🏫👫❤️Many months ago I wrote about traditions. I guess it’s hypocritical of me to have poked fun at the idea of them when, holy hell, I make them too.

For almost their entire school lives, on the last day of school, I’ve taken my children to have lunch by the fountain in Grand Army Plaza. It’s not a food destination. There are no restaurants, no tables, no food trucks. It’s just a big fountain in the middle of a particularly busy traffic circle in Brooklyn.

Every year I take the day off from work and make sandwiches to bring to the fountain and we sit in the grass and eat our food. I make sure they understand how proud their mom and I are of them and how next year will be another great year in school. Sometimes we’d walk over the to the Brooklyn Public Library’s Central Branch to pick out a few books. You know, to start off the summer right.

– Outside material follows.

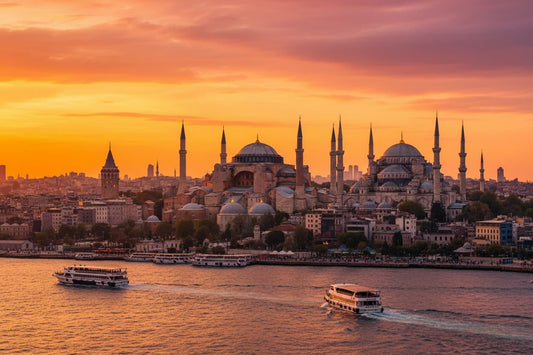 Istanbul Turkey – Hagia Sophia and Blue Mosque domes and minarets at golden sunset, Bosphorus Strait with ferries between Europe and Asia, Galata Tower and historic city skyline reflecting on water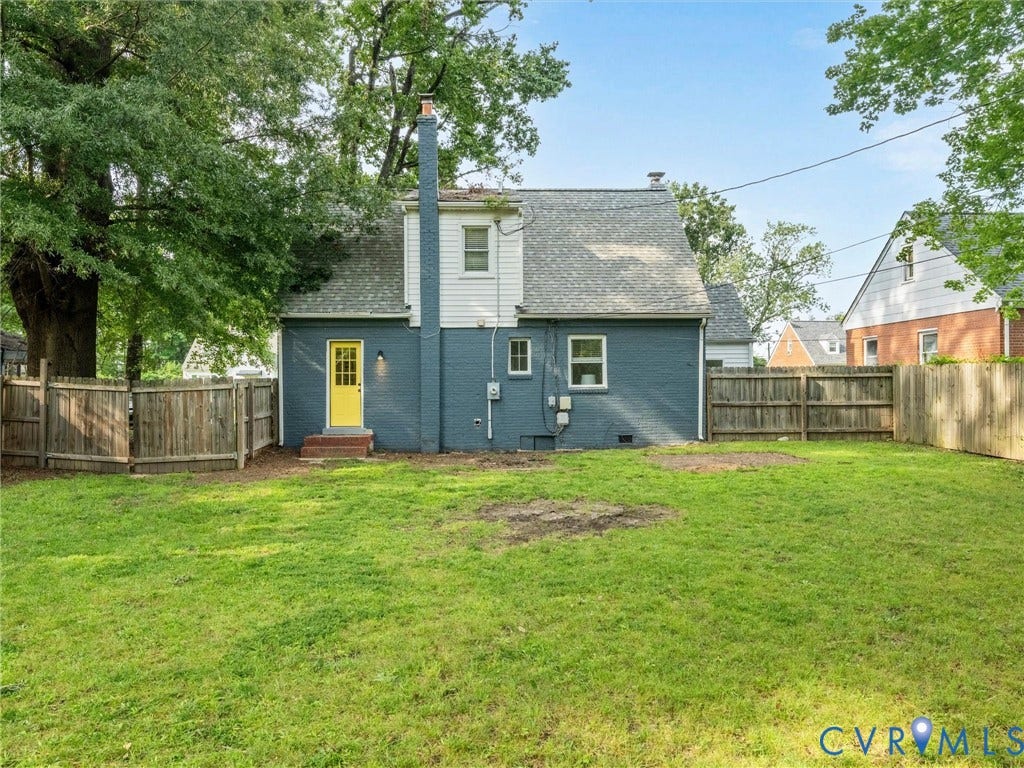 709 Ratcliffe Avenue, Richmond, VA 23222 Expansive rear yard featuring green space, a full privacy fence, and a vibrant yellow rear entry door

This year, however, was different. This year was the last last-day-of-school-lunch while my daughter is still a NYC student. Next June (that is, June 2020), she will have graduated from NYC’s public school system and be headed off to who knows where. So, while I expect us to still have that lunch next year, today was a marker.

I have savored every minute of those lunches. That includes every car honk, every spray from the fountain, every book from the library. Every single last-day-of-school-lunch they ate with me. I ate it all up. And I’ll always be grateful.